Wednesday, April 21, 2010

The Austin Yarn Bomber! Yes!

Yesterday as I drove to school I was stunned to see Yarn Bombing on my usual route. It turned out to be a total reveal of the real Yarn Bomber:

Below is a close-up of some of her work.

This is a bus in Mexico City that she yarn bombed in 2008. Click here for the slideshow to see all the different cities in the world where she has done yarn bombing.

Sunday, April 18, 2010

ACC Student Art Sale

The ACC (Austin Community College) Student Art Sale is Tuesday, April 20, from 9 -5 at the Rio Grande Campus (12th and Rio Grande). If you live in Austin, please come by because I have a table and will be selling lots of stuff. Stuff that includes Nichos, small cups, some sculptures, etc. Over the next few days I'll show pictures of the pieces. The reason I haven't posted them earlier is that I've just finally taken a lot of them.

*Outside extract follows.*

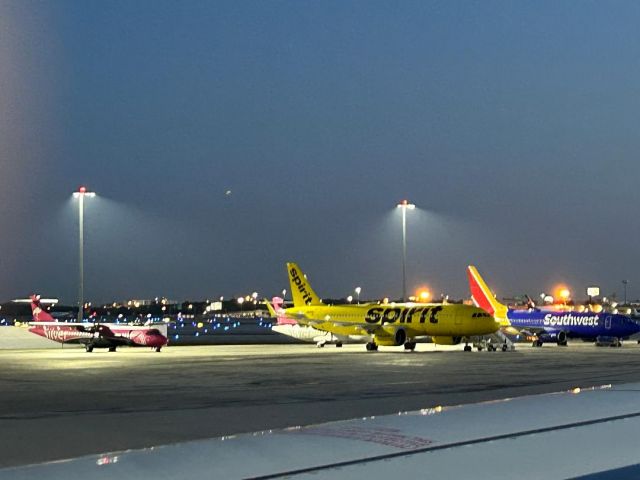 NXXX — - FLL Remote T3 parking, with a Spirit A320NEO, Southwest 737 and a pair of Silver ATRs all awaiting their next flights.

The question I have been asked more than once is this:
If your Blog Wrangler has set you up with an Etsy shop why are you selling at this Student Art Show instead of through your Etsy shop?

The answers are these:
1) By "purchasing" a table at the ACC Student Art Sale I will be helping out the school's scholarship fund.
2) Some of the pieces I'm selling are too big or too fragile to sell to anyone who has to have them shipped to them.
3) Because I have low traffic to my blog I don't think I'd have much traffic to an Etsy shop and thus the pieces wouldn't sell and that would screw up my self-confidence.
4) Because I'm lazy and techno-phobic and techno-ignorant and would make my Blog Wrangler handle all the details and she does enough for me by just keeping up this blog.

None of this excuses the fact that I do have loyal Readers who voiced interest in some of my work and I've not followed through. If that's you, Blog Reader, mea culpa.

Wednesday, April 14, 2010

One, Two, Three and Counting

This is Four-Head. I picked the number at random and had planned to go with the 9 other digits but never seemed to get past this guy. He's only about 4 inches high. I hope he finds a good home at the Student Art Sale next Tuesday.

Sunday, April 11, 2010

Nichos and Body Parts

I'm auditioning some of my doll body parts in the nichos. The parts will need to have their skin redone they way I learned from Thomas Ashman, as shown here on my Tin Man, Ixion. But I may not bother, as these nichos might be going up for sale at the Student Art Sale. If you are in Austin, it's April 20 on the Rio Grande Campus at 12th St. I am a little worried that people won't "get" that the pieces are to hang on the wall and should hold special items, not necessarily arms ripped off a doll.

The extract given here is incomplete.